▶ _DATA FOR THIS TASK_:
Segment Open

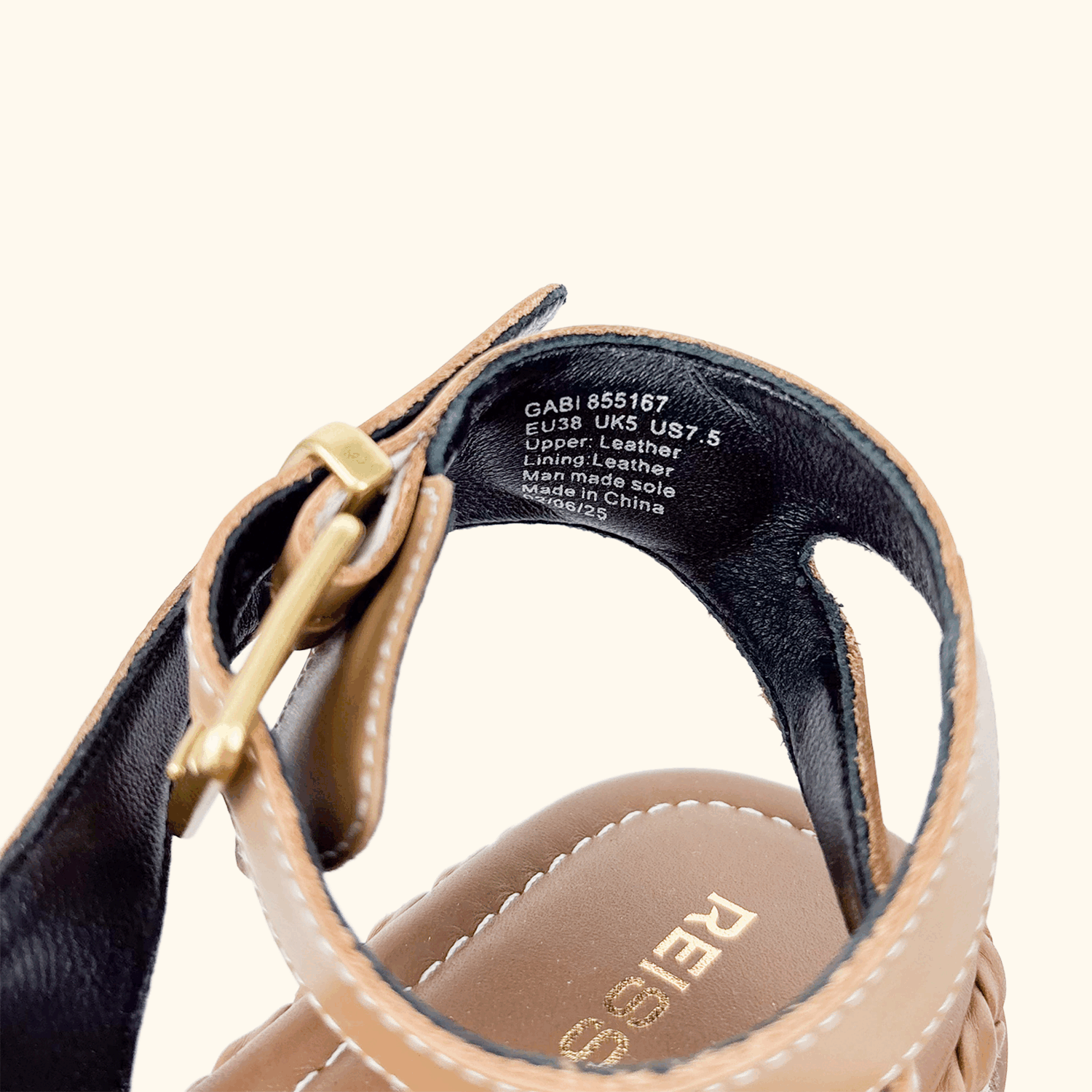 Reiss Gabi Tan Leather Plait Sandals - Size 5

Segment Closed
Segment Open

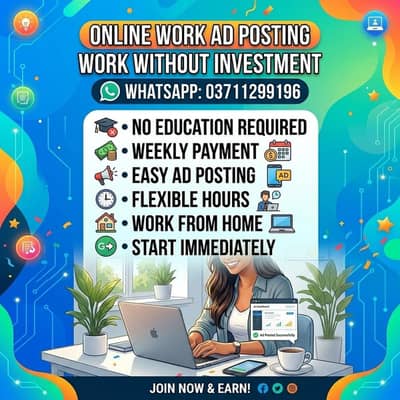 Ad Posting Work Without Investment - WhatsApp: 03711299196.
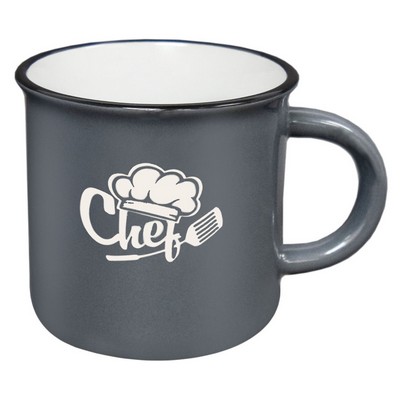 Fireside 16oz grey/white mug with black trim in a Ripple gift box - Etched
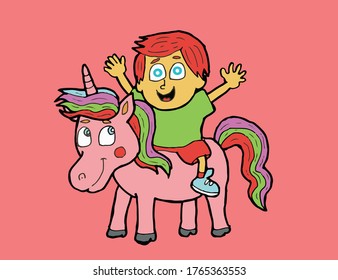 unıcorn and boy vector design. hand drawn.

Segment Closed

▶ _EXERCISE DESCRIPTION_:
Range to copy from the records above: the line containing "Ad Posting Work" to the line containing "unıcorn and boy vector design. hand drawn.", both included. Output those lines exactly and only those, skipping pictures.

▶ _WORKED SOLUTION_:
 Ad Posting Work Without Investment - WhatsApp: 03711299196.
 Fireside 16oz grey/white mug with black trim in a Ripple gift box - Etched
 unıcorn and boy vector design. hand drawn.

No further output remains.